Giovanni https://www.magle.dk/ubbthreads/images/graemlins/smile.gif

Thomas Dressler
Dec-09-2005, 07:42
That is a very interesting looking organ! It has a German-Baroque-looking case, but a French-Romantic-looking stoplist. From the picture, it also looks like a nice room. Have you seen it in person or played on it?

Dec-09-2005, 09:42
I played a short program on it last year - Tournemire and Bach - I can freely say it's about as close to a Cavaille-Coll sound as one can get. One of the earliest voicers at the firm had been a close disciple of Grand Maitre Aristide C-C. Rumor has it that he had some copies of scaling lists, pipe construction diagrams and many other goodies at his disposal. It is a real gem of such a rare quality and seriousness of purpose - It does Bach as well as it does Tournemire or Vierne or Dupre or Messiaen or Buxtehude or whomever's music you wish to play.



Thomas Dressler
Dec-14-2005, 07:46
I've been one to say on occasion that a well designed instrument with a lot of integrity in its style will play other music nicely, if not with the sounds the composer had in his ear. I have some old records of Marcel Dupre playing Bach at St. Sulpice, and I enjoy those recordings very much. This sounds like a wonderful instrument based on your enthusiasm! Lucky you to have the chance to play it!


Dec-17-2005, 08:32
Dear Mr. Dressler,

I understand that you are an organ scholar who appreciates quality. You speak of Dupre's Bach recordings at St. Sulpice - I wish I had them. St. Sulpice is my favorite instrument above all others. Yes, I like the Wanamaker, The Woolsey Hall organ and a few others but the unforced yet pervading sound of C-C at St.
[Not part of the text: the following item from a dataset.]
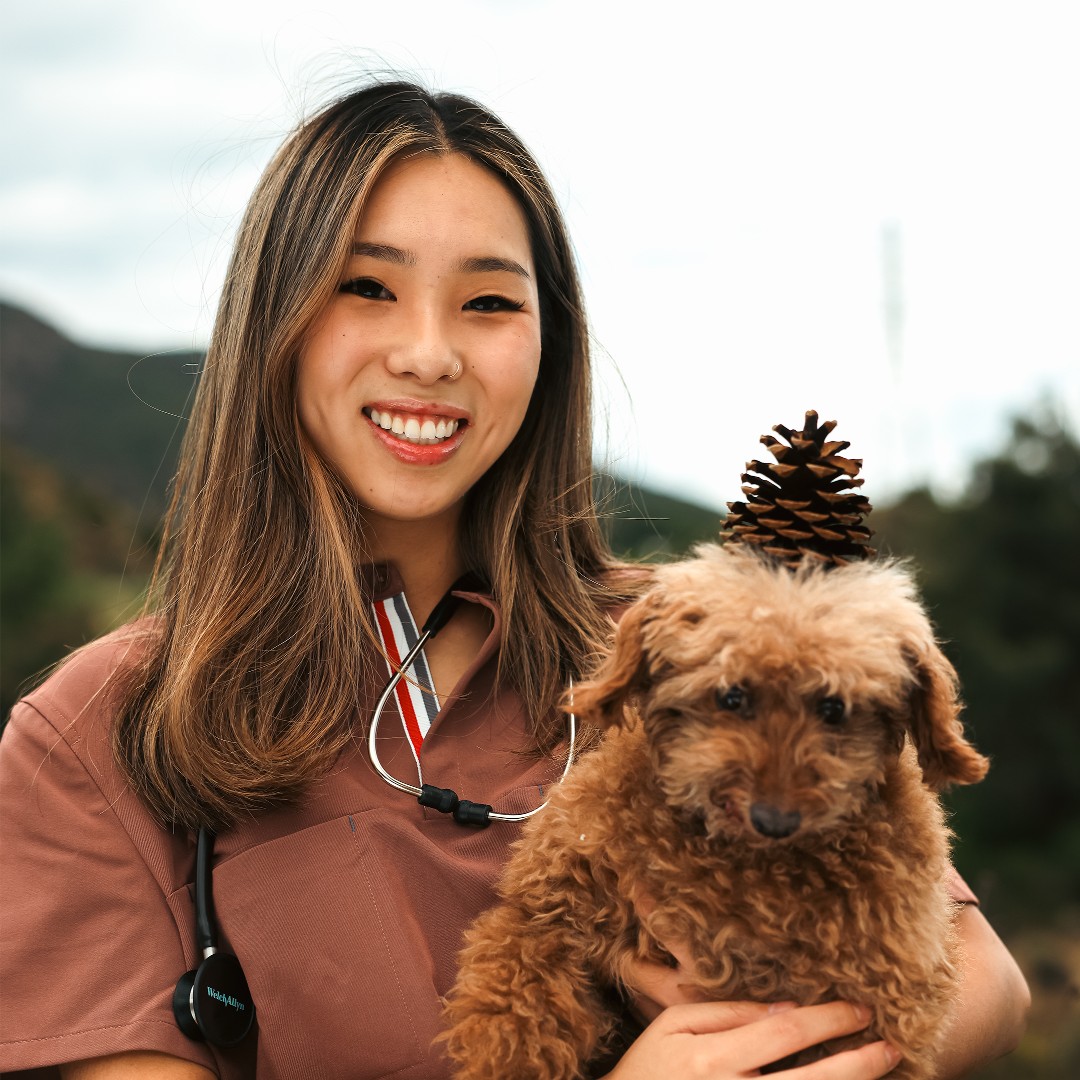 shopmediclo's tweet photo. Guess who's ready for fall? We are, with our latest color drop, PINE CONE! It's the perfect shade to cozy up your season, and your furry friend agrees. 🍂🐾 #PineConeSeason https://t.co/UTOuKZn68C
Sulpice just sends me https://www.magle.dk/ubbthreads/images/graemlins/grin.gif I recently acquired Daniel Roth's recording of "Ad Nos" at St. Sulpice - Ahhh - Splendiferous! A question for you, sir: Where did David Tannenberg get his skill in organbuilding? Also, did he not build a sizeable instrument for a Lutheran church in Pennsylvania?

Respectfully Yours,


Thomas Dressler
Dec-18-2005, 07:41
Dear Giovanni,

I love the recordings I have of the St. Sulpice organ, and I hope to get to hear it in person someday! What a lucky person Daniel Roth is! Years ago I spent a few hours with him in a car, driving him to the airport in New York. He was very nice and very interesting to talk to.

In my mind, St. Sulpice and the Cavaille-Coll organs are a different kind of instrument than the American Orchestral organs like Woolsey Hall and Wanamaker. I like all three instruments, but they play different music in very different ways. I, myself, tend to prefer Romantic instruments like St. Sulpice because I like the basis on a classical chorus. However, I find the Woolsey Hall organ to be a spectacular example of an orchestral organ.

You asked some questions near and dear to my heart when you brought up David Tannenberg!! Did you already know of my appreciation of his instruments? I'll start a new thread to answer your questions.


Thomas Dressler

Dec-18-2005, 19:01
Mr. Dressler,

I knew not of your expertise in Tannenberg's instruments. Yes, Daniel Roth is probably the luckiest man alive, having such a glorious instrument at his disposal, at St. Sulpice. He probably works his tush off with all the responsibility he has.